A helping hand
We often wish for a helping hand in our careers; that generous supervisor, coordinator or colleague who will set goals for our development, introduce us to the right people, invite us to embark on different waters and acknowledge our strengths and talents. We hope that this one mentor will spot our gifts, give us an extra push and award us with their recognition; recognition that will help us blossom professionally.
Many professionals go on for years and years waiting for that help to arise in the hope of getting a promotion or a better job. Nonetheless, some of these professionals, when faced with no spontaneous helping hand along their way, tend to end up resenting the fact that others might have been ‘helped’ more than they believe to have been themselves.
However, a couple of days ago I attended a workshop by Paul Seligson in which he discussed a number of very interesting ideas and topics. One of the statements that got me thinking the most, however, was a Swedish proverb that he mentioned at the end of the presentation: “The best place to find a helping hand is at the end of your own arm”. I personally love proverbs and don’t think they would survive throughout the years if there weren’t a lot of truth within them. What this particular proverb triggered in me was the fact that there seems to be a rare awareness of what really goes on in our professional life. Rarely do professionals provide evidence that they understand that most of their career is actually managed and maximized by nobody else but themselves. We have the ability – and the responsibility – to help our own selves to find new opportunities, create challenges, overcome obstacles and ultimately grow as teachers and educators. We are not victims waiting for a hand. We are entrepreneurs, initiators, doers.

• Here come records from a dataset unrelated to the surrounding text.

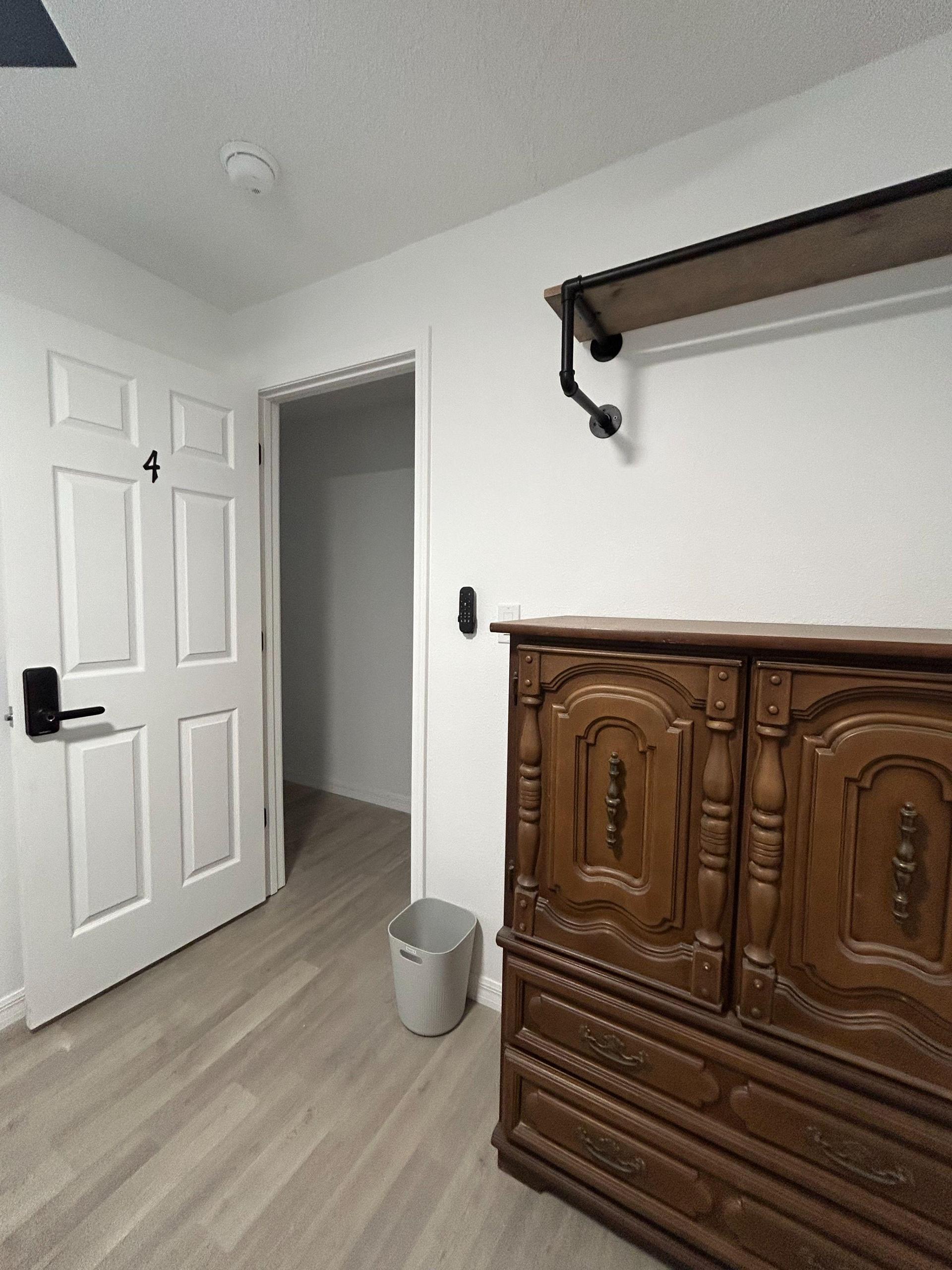 Dresser, clothes hanging bar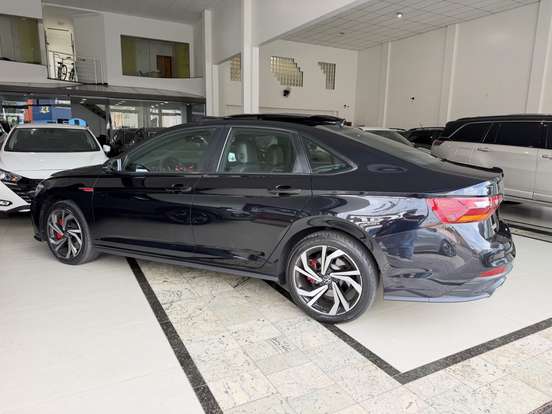 VOLKSWAGEN-JETTA-2023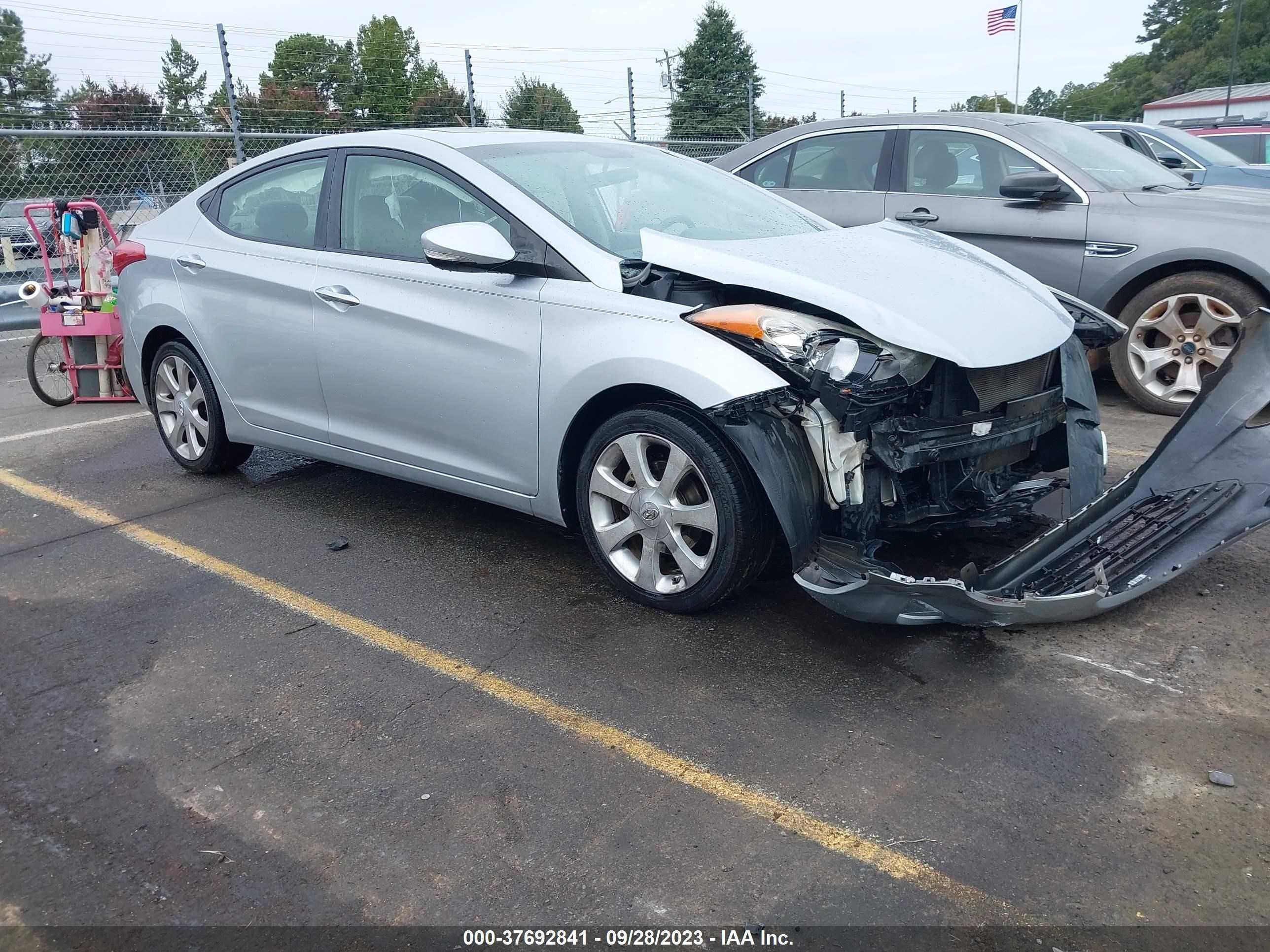 HYUNDAI ELANTRA 2012 5npdh4ae5ch097652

We should not expect others to help us develop professionally or outsource the responsibility to grow. We have to find the help that will propel us at the very end of our own arm. This way, the achievements we get will have a different taste and so will the failures we bring onto ourselves. They will be mostly ours. And if I were to add something to this Swedish proverb based on what I have seen in life, I would add that the more we embrace the responsibility of helping ourselves, the more likely we are to help others. And the more we use our own hands to help others, the more likely the world is to help us back. So at the end of our arms rests more than a helping hand. At the end of our own arms we might find the key to our generosity, drive and success.